User:Demindiro/Ramblings/Massively concurrent Stack-Stack-Machine

From CPUdev wiki
Revision as of 12:45, 5 April 2025 by Demindiro (talk | contribs) (Dump of a potentially silly idea)
(diff) ← Older revision | Latest revision (diff) | Newer revision → (diff)
Jump to navigation Jump to search

Out-of-Order Execution and Simultaneous Multi-Threading has been on my mind for a while, with many ideas on how to address it best. Below is one of my ideas in text form.

Latency, OoOE, SMT and architectural state

As transistors shrink, processors get faster and faster. However, for practical it is still necessary to communicate with external components such as DRAM. Processor speed improves much faster than the latency between processor and external components. Nowadays processor are so large even latency with on-chip cache is a significant factor.

Most high-performance processors address these challenges with out-of-order execution: instructions later in the stream can be executed ahead of earlier instructions so long they do not depend on them. Enabling OoOE requires several large and fast structures. How far a processor core can execute ahead depends entirely on the size of these structures.

Another technique is simultaneous multi-threading: one processor core can evaluate multiple instruction streams simultaneously. Hence, if one stream is blocked on long-latency instructions, the other can continue being evaluated. SMT allows sharing execution resources but requires duplicating architectural state, in particular registers. Depending on the complexity of the core, this may be a large or small cost. In particular, advanced OoOE processors tend to have at least 2-way SMT, with the extra state consuming a relatively small amount of die space.

SMT is not always beneficial: most (all?) implementations try to ensure fair scheduling, interleaving instructions from all streams. This may leads to cache thrashing and severely degrade the performance of some applications. On the other hand, it will perform much better than only OoOE if threads are often stalled waiting on memory operations to finish.

What if we could mitigate the cache thrashing? An interesting analogy is fair versus unfair mutexes: unfair mutexes tend to lead to higher throughput by allowing threads with data already in cache to continue executing, significantly improving cache utilization. On the other hand, it may cause unpredictable delays for certain tasks, which is why fair mutexes, at least by default, are often preferred.

If (user) applications had explicit control over SMT then perhaps it would be practical to have "unfair" scheduling for SMT too, reducing cache thrashing. But what should the interface look like? Ideally there would be no arbitrary limits on the amount of threads an application can schedule at once.

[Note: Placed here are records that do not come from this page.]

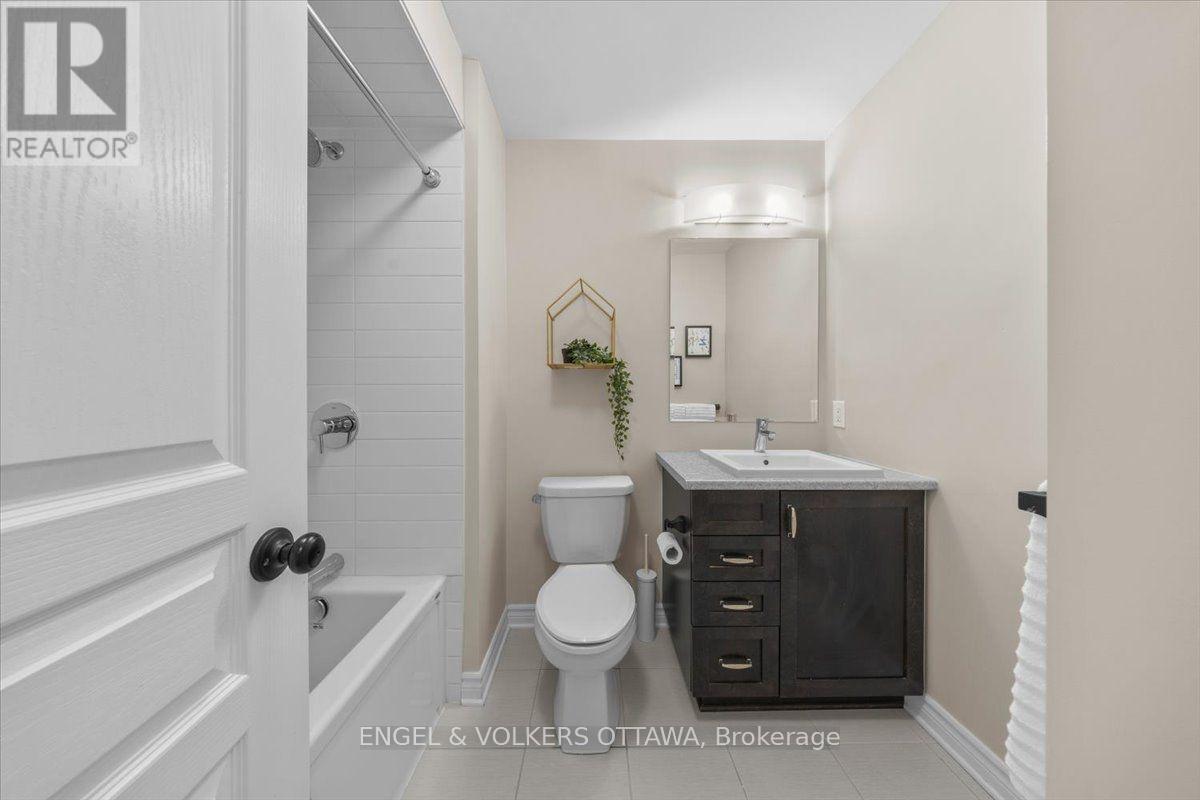 3 Bed, 3 Bath House for Sale in Ottawa – 556 TRIANGLE STREET, Ottawa – MLS# X13635608 - Image 41
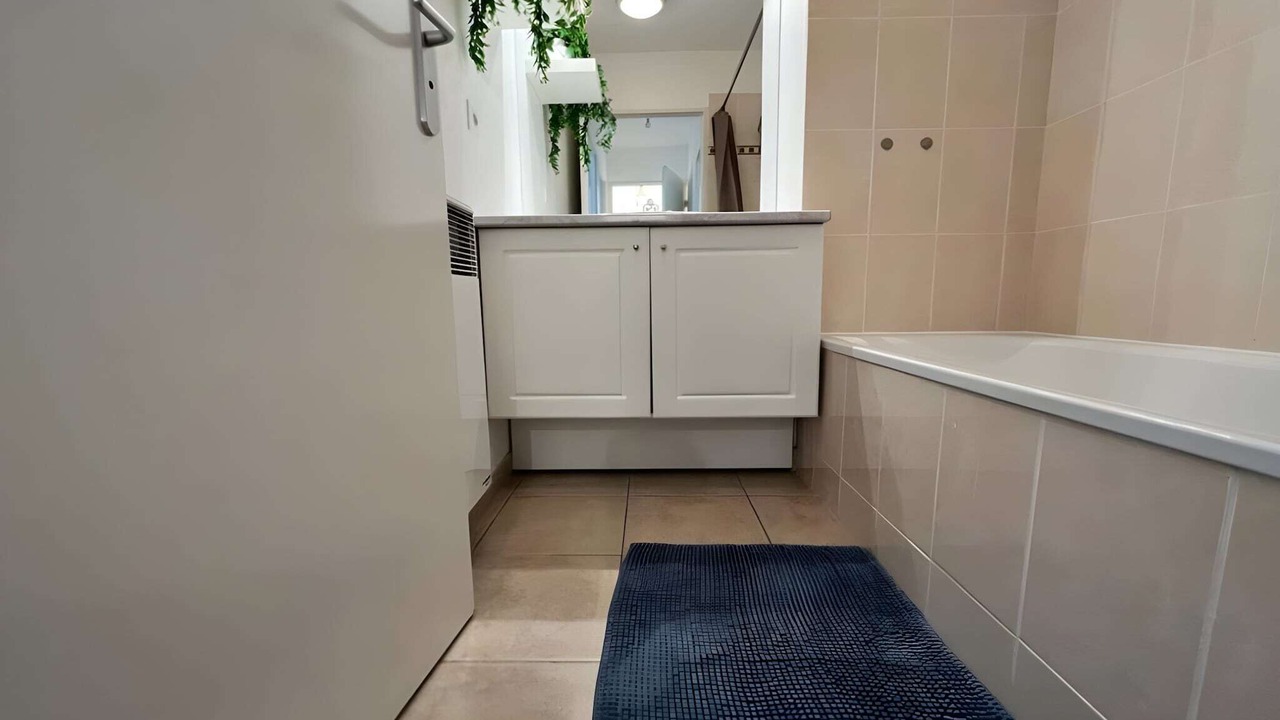 Photo of Bathroom in Pin - Vert Galant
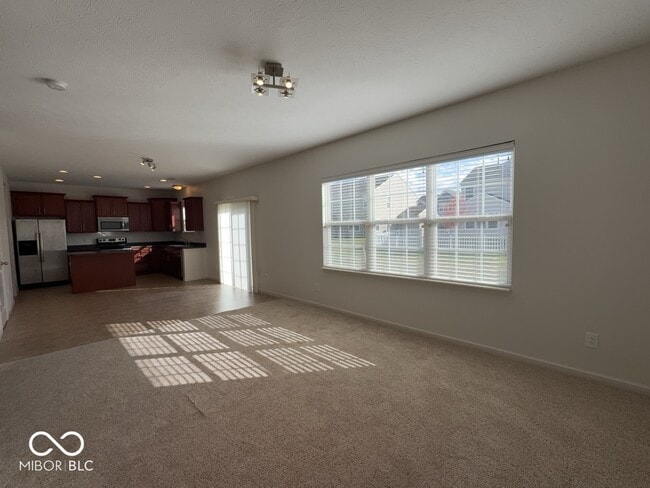 Foto del edificio - 5860 Crowley Pkwy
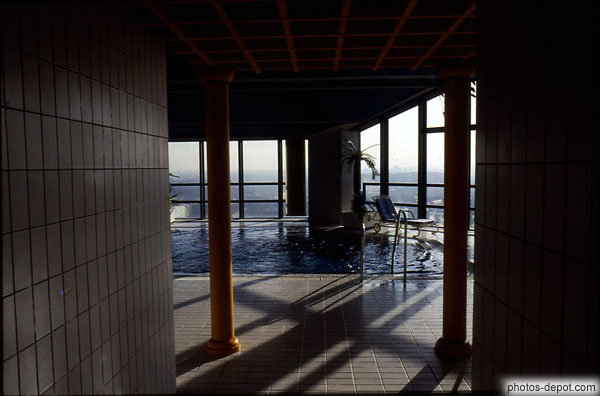photo de piscine intérieure dans une tour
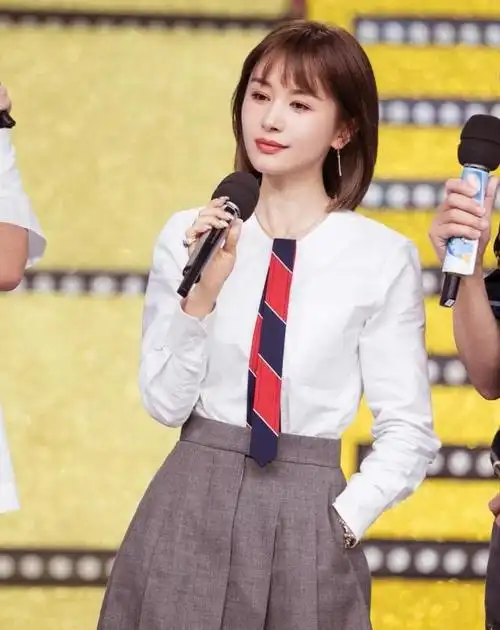 王子文的脸型是鹅蛋脸,很圆润,脸部线条流畅,五官散发着幼态的感觉,再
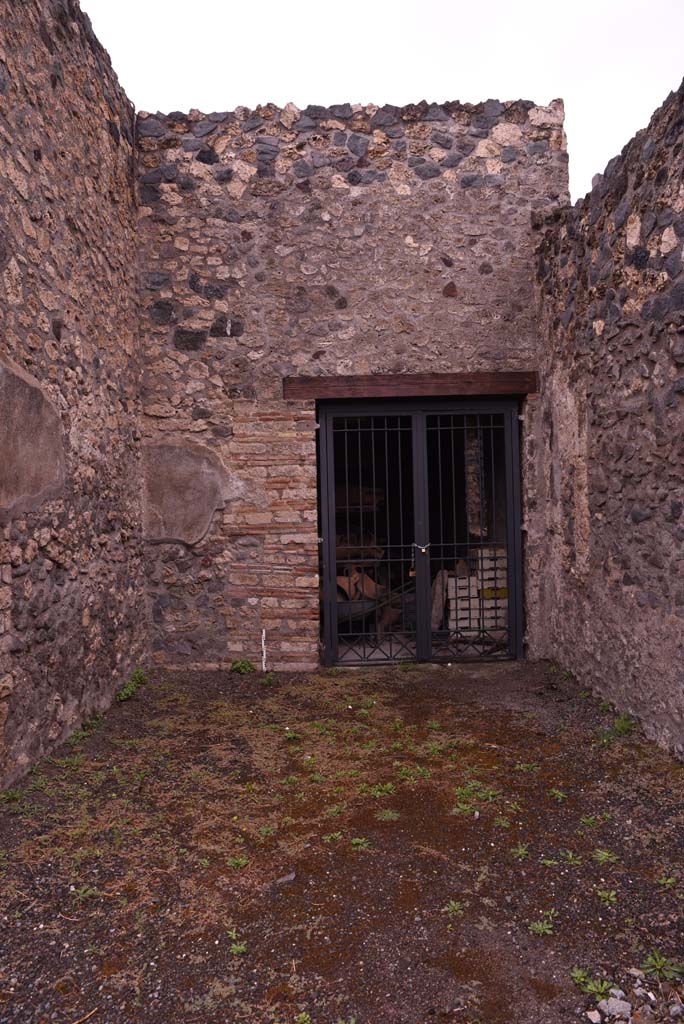 I.4.25 Pompeii. September 2019.
Room 54, looking east in south-east corner of atrium, with doorway to room 55.
Foto Tobias Busen, ERC Grant 681269 DÉCOR.
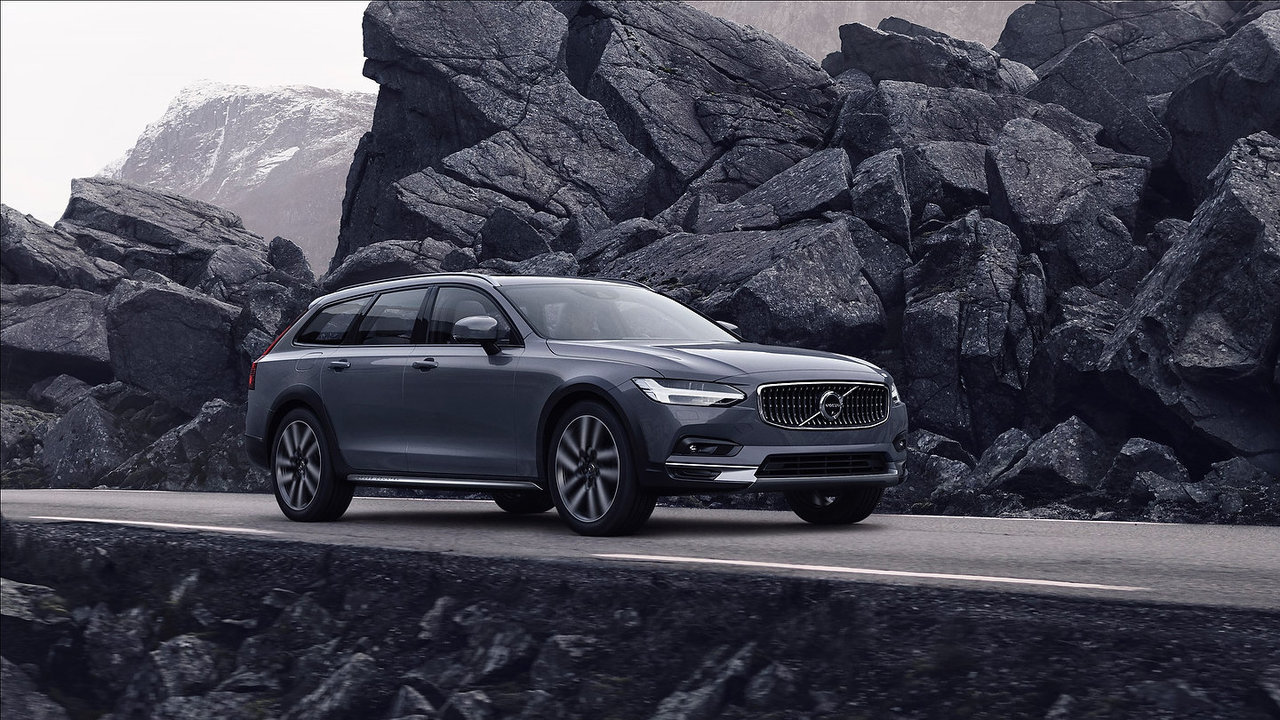 Volvo sales reach new records despite challenging environment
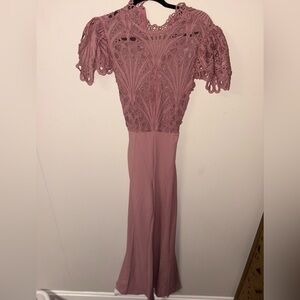 Chic Mauve Lace Long Sleeve Dress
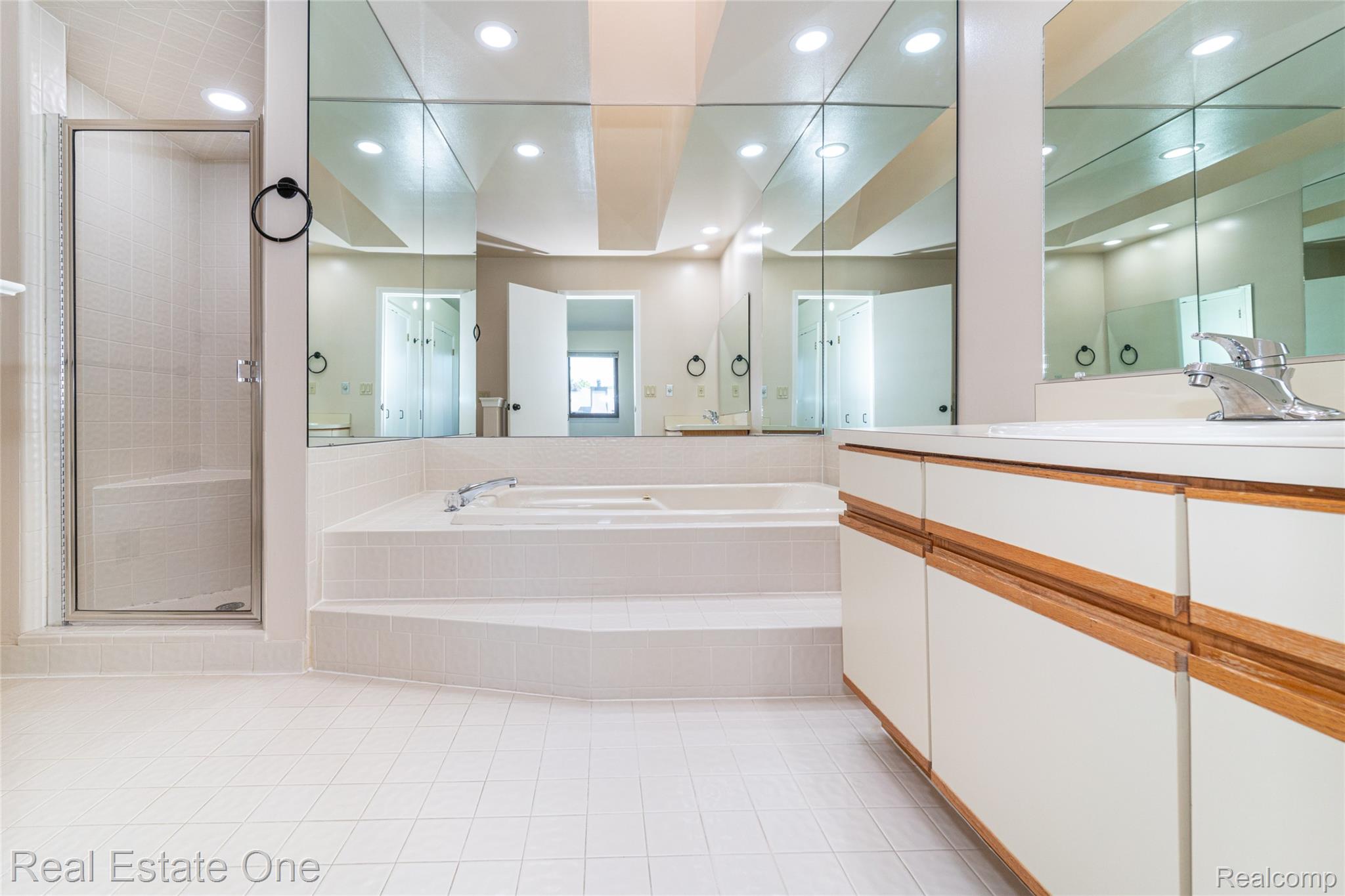 6250 Potomac Circle Unit: 27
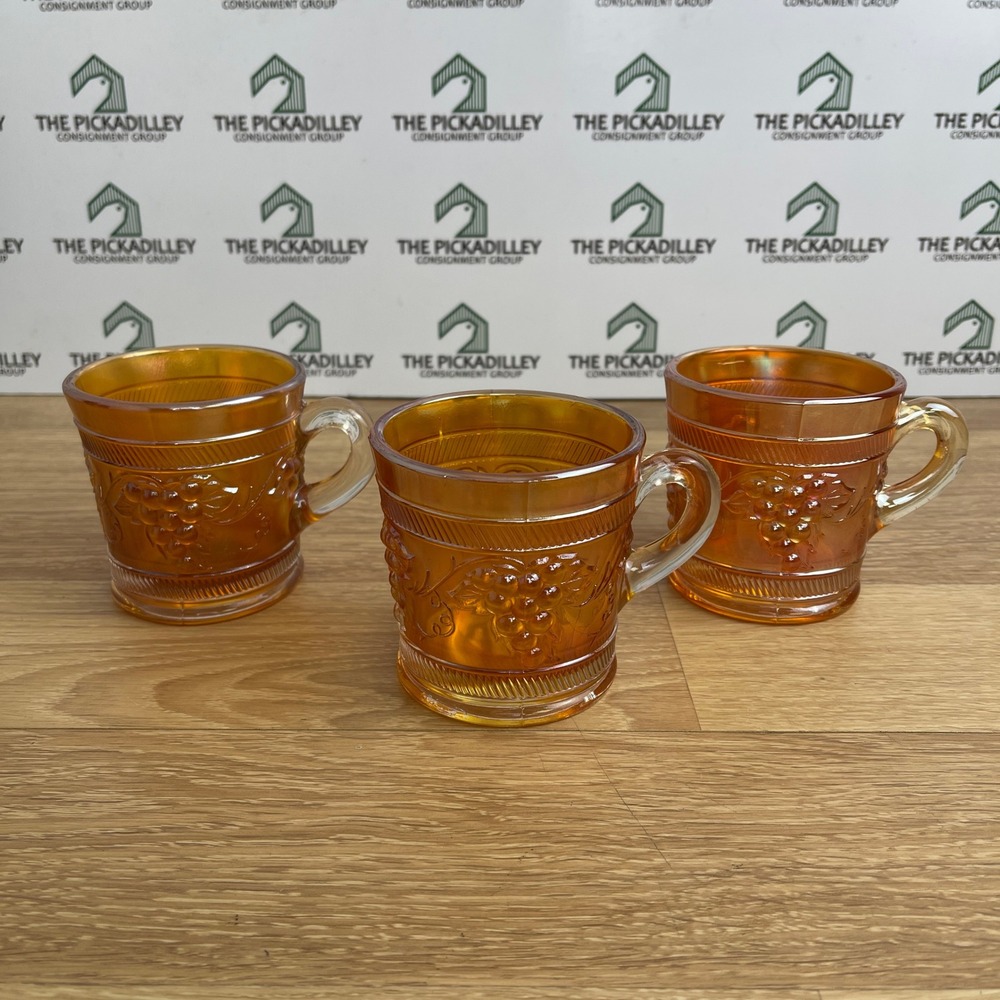 Vintage Indiana Glass Harvest Grape Marigold Carnival Glass Mugs Set of 3 MCM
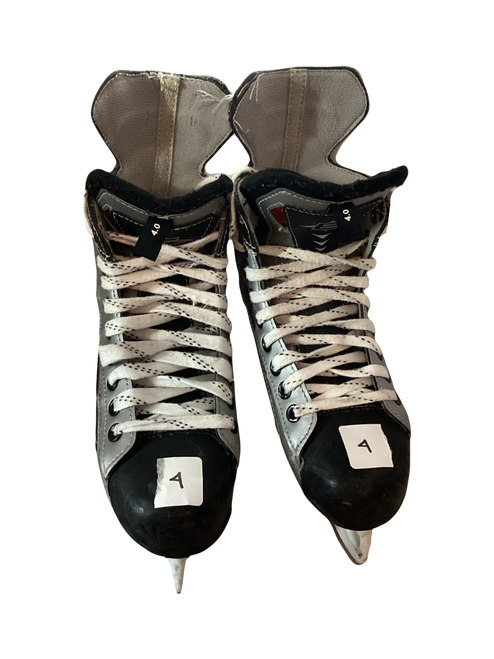 Vist Large View of Product Image Which is Used Easton SE2 Intermediate Hockey Skate Intermediate 4.0
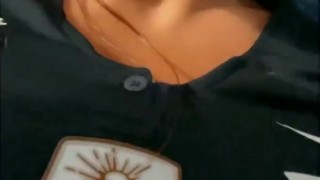 Une Milf baise Live sur SNAP et c'est toi qui décides comment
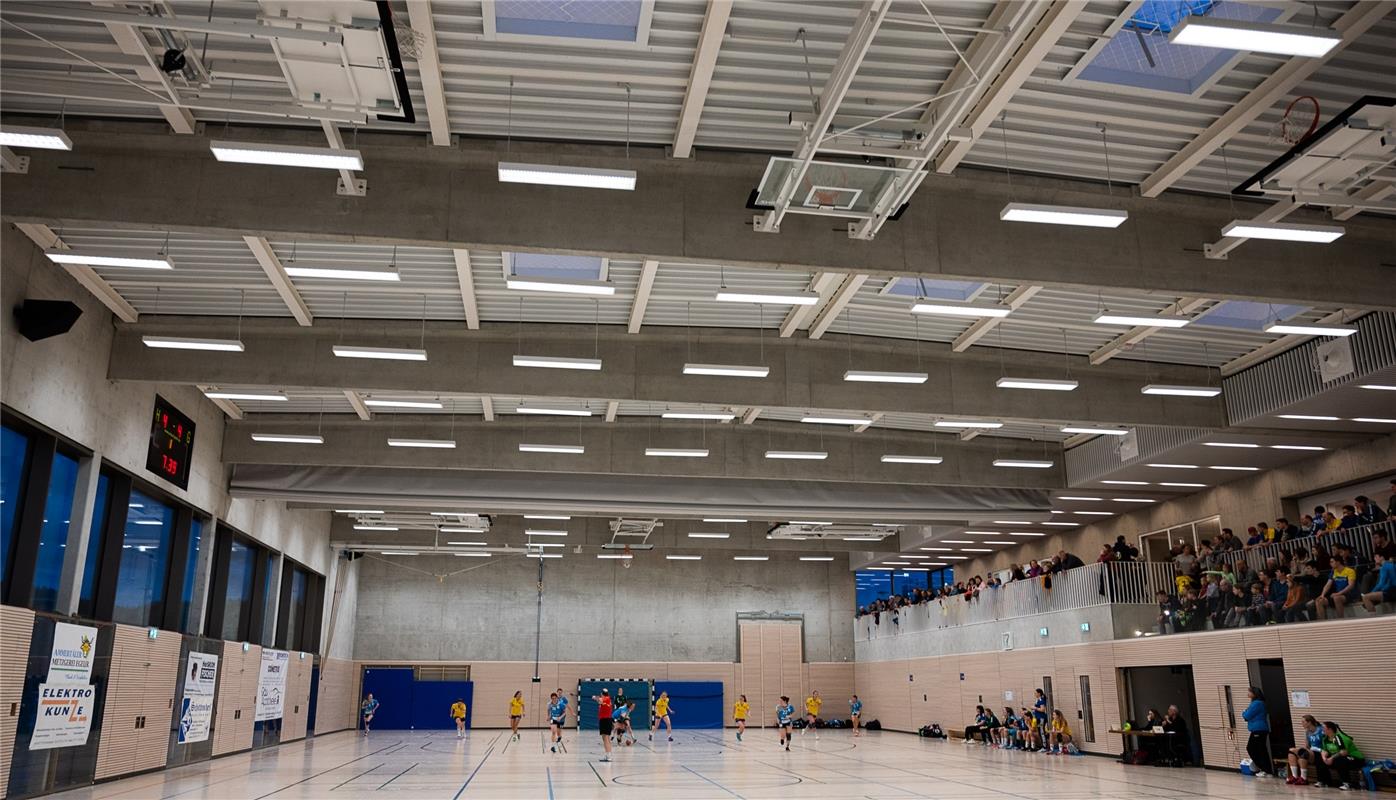 Die neue Sporthalle in Ammerbuch Entringen -   Handball Frauen SG Nebringen Reus...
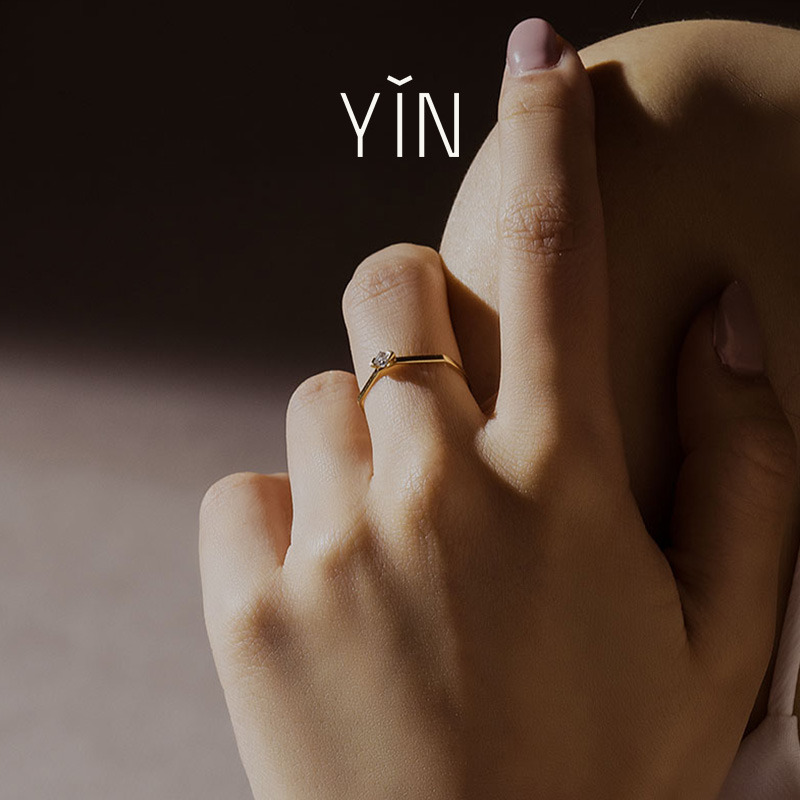 YIN隐 「熠」光芒钻石系列祖母绿钻戒 公主方钻戒-5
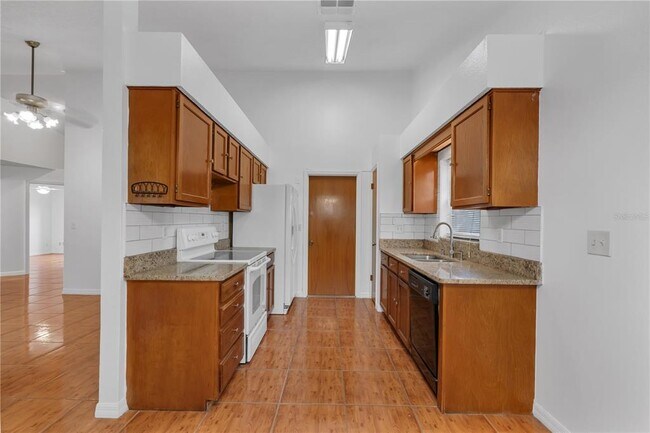 Building Photo - 10851 Log House Rd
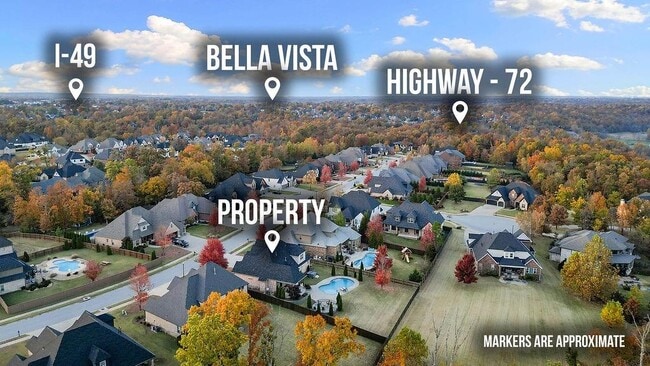 Building Photo - 504 NE Green Creek Rd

The most significant limit here is the amount of architectural state: having too much both bloats a core and makes task switching costlier, as more state needs to be (explicitly) saved to memory.

What if we required only the absolute minimum amount of state?

Stack machines and stack of tasks

A stack machine requires only a tiny amount of state: a program counter and a stack pointer is sufficient. This makes switching tasks very cheap.

On the other hand, it requires very frequent access to memory, specifically the stack. This makes OoOE impractical. However, with massive and cheap concurrency the need for OoOE might be avoided altogether.

How can we achieve this massive concurrency? We can use a stack of tasks that are ready to run. The top-most entries are removed from the stack if the processor is able to schedule them. Tasks that are waiting on a operation remain in internal processor state.

Since tasks have very little architectural state it is cheap to implement the fork-join paradigm: push a pointer to a stack and an instruction address and off it goes! (TODO: what about joins? And how to cheaply allocate new stack space? Would a bump allocator + copying GC work? Or an arena?)